Given data |

____________________

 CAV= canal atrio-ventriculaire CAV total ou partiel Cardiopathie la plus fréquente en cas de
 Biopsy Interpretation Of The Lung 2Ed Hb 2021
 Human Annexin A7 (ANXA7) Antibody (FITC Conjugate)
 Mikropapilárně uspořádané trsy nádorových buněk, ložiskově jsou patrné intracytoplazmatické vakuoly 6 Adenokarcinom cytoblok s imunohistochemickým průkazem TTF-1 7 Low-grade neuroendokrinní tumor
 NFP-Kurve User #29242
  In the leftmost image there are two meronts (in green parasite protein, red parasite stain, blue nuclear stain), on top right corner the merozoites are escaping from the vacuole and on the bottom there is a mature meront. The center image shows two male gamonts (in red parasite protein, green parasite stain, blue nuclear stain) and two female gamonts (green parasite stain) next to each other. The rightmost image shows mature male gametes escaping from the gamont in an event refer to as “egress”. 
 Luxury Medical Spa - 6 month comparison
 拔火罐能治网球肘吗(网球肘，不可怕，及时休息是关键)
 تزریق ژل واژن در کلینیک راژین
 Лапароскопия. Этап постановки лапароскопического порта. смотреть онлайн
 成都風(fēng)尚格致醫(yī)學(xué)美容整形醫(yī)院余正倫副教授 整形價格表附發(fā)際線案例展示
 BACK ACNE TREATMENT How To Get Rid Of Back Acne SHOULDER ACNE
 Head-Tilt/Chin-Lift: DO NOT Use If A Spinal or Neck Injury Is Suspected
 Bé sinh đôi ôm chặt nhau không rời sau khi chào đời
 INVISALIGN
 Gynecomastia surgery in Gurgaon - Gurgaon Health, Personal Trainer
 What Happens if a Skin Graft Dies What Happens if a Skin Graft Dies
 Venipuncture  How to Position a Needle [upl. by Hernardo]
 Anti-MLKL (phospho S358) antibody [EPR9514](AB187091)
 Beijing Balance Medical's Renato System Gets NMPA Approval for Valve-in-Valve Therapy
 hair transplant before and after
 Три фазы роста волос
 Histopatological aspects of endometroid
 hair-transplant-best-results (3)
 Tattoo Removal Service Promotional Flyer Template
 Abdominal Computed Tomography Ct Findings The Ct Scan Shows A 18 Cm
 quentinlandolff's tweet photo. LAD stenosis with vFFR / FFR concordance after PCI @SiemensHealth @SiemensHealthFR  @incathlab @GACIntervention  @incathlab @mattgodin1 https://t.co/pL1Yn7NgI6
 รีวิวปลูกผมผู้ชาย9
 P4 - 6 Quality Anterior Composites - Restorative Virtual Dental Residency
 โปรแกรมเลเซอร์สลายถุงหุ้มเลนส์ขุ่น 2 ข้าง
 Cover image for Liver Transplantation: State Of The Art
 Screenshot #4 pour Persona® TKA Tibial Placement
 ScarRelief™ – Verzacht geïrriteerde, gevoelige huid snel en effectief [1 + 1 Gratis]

____________________

What to work on |
Out of the data above, give again only the lines starting at the one holding "Human Annexin A7" and ending at the one holding "NFP-Kurve User #29242", unchanged.

Response |
 Human Annexin A7 (ANXA7) Antibody (FITC Conjugate)
 Mikropapilárně uspořádané trsy nádorových buněk, ložiskově jsou patrné intracytoplazmatické vakuoly 6 Adenokarcinom cytoblok s imunohistochemickým průkazem TTF-1 7 Low-grade neuroendokrinní tumor
 NFP-Kurve User #29242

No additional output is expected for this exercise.